* [Task objective]: Retyping should cover only the lines from the one containing "McKey Sneakers Slip On Salmon rosa 1" through the final line of the records, with pictures omitted.

* [Input data]:
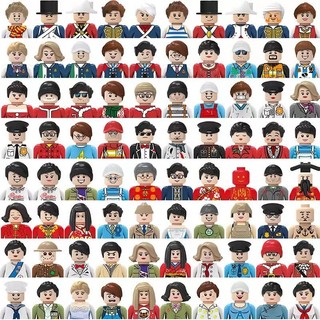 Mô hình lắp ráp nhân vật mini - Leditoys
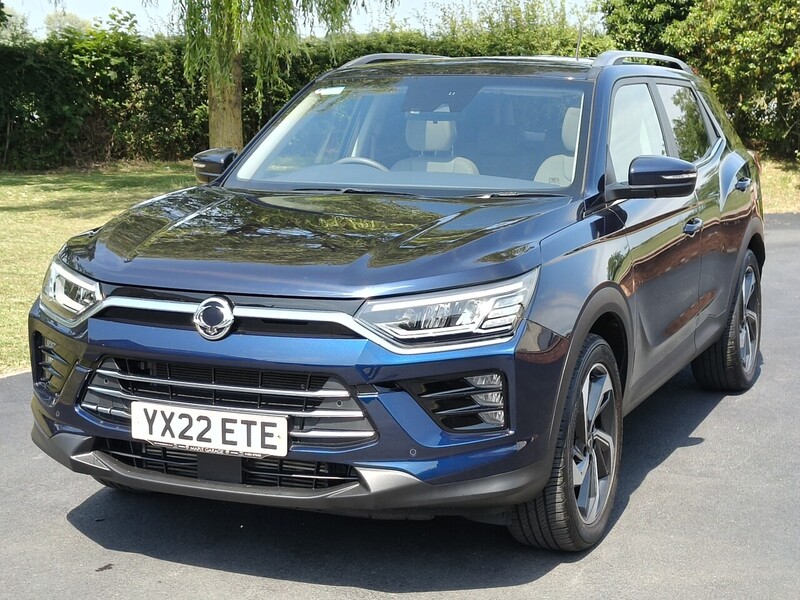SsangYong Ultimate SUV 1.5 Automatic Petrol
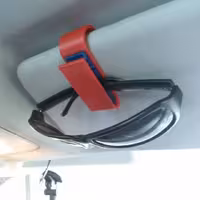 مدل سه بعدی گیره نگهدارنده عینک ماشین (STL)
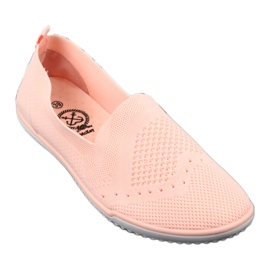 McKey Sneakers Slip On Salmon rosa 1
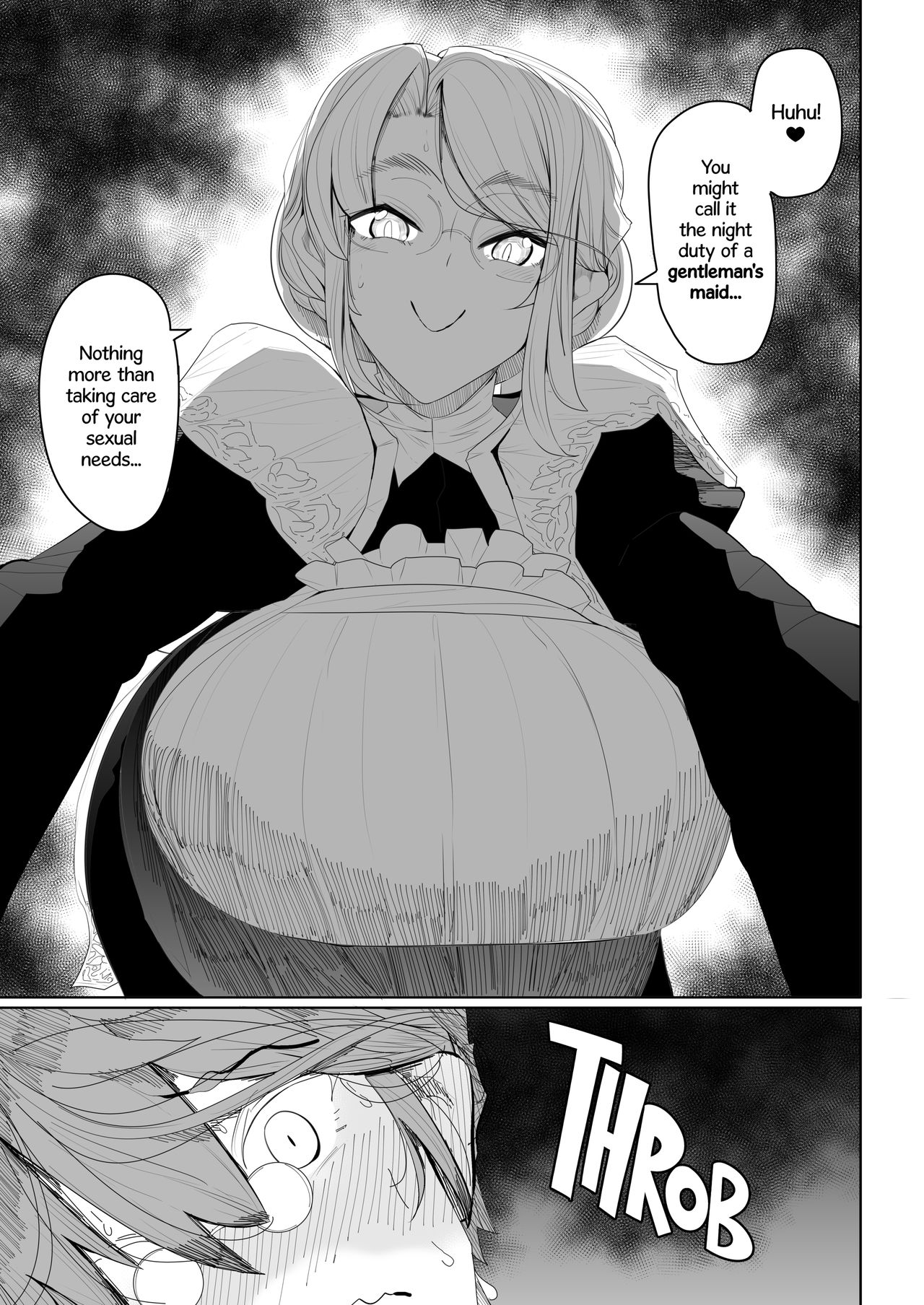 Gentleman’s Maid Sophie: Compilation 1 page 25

* [Solution for this exercise]:
 McKey Sneakers Slip On Salmon rosa 1
 Gentleman’s Maid Sophie: Compilation 1 page 25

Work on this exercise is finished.